Listen for: The 'Think' and 'Sing Sing' breaks looping under chanted vocal chops in Baltimore, then how Jersey club swaps that steady breakbeat for a stuttering triplet kick and a squeaky bed sample.
Things to know
Baltimore club was created in the early 1990s by a cluster of DJs and producers including Frank Ski, Scottie B, Shawn Caesar, DJ Technics, and DJ Class, working out of Baltimore's Black and LGBTQ nightlife scene.
Producers like KW Griff and DJ Booman built Baltimore club's basement-studio sound on the Ensoniq ASR-10 sampler, looping breakbeats directly instead of cutting between two turntables live. Rod Lee later got his own ASR-10 and became one of the genre's most prolific producers.

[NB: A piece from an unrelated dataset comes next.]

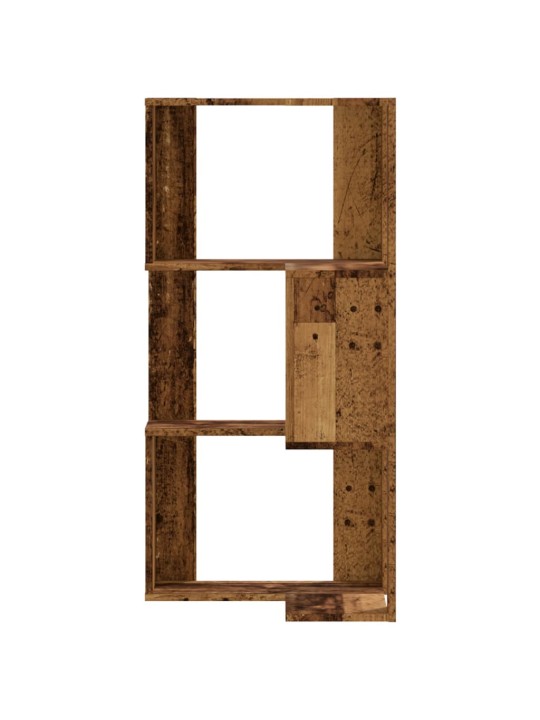 Rohová 3patrová knihovna old wood 50x50x102 cm kompozitní dřevo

Jersey club began as 'Brick City Club Music' in Newark around 1999 to 2000, when DJ Tameil started bringing Baltimore club records north for teen parties. The genre was renamed Jersey club around 2005 as it spread via college campuses and Myspace.
The 'bed squeak' heard across countless Jersey club tracks did not start as a mattress. Lil Jon says it came from a squeaking studio chair he was rocking in while making Trillville's 2004 single 'Some Cut', squeaking right on the beat.
Key tracks
Doo Doo Brown by 2 Hyped Brothers & A Dog · 1991
Whatzup? Whatzup? (How You Wanna Carry It) by Miss Tony · 1993
Vibe (If I Back It Up) by Cookiee Kawaii · 2020
Just Wanna Rock by Lil Uzi Vert · 2022
Family tree
- House: Baltimore club was built on top of Chicago house records before the city made its own. Scottie B and Shawn Caesar were well-known Baltimore house DJs before founding Unruly Records, and Chicago tracks like Cajmere's "Percolator" stayed in local sets so long they became honorary canon. Producers kept house's insistent drive, then roughened it with hip hop breaks and chanted vocal chops, close cousin to Chicago's own ghetto house offshoot.
- Techno: The Baltimore Sun's history of Unruly Records says British and German breakbeat techno records inspired the Baltimore sound as much as hip hop did, if not more, alongside borrowings from Detroit techno and Miami bass. Techno was physically in the city too: Baltimore's Fever rave parties booked Frankie Bones, Josh Wink, and Richie Hawtin through the 1990s, right as club music was forming.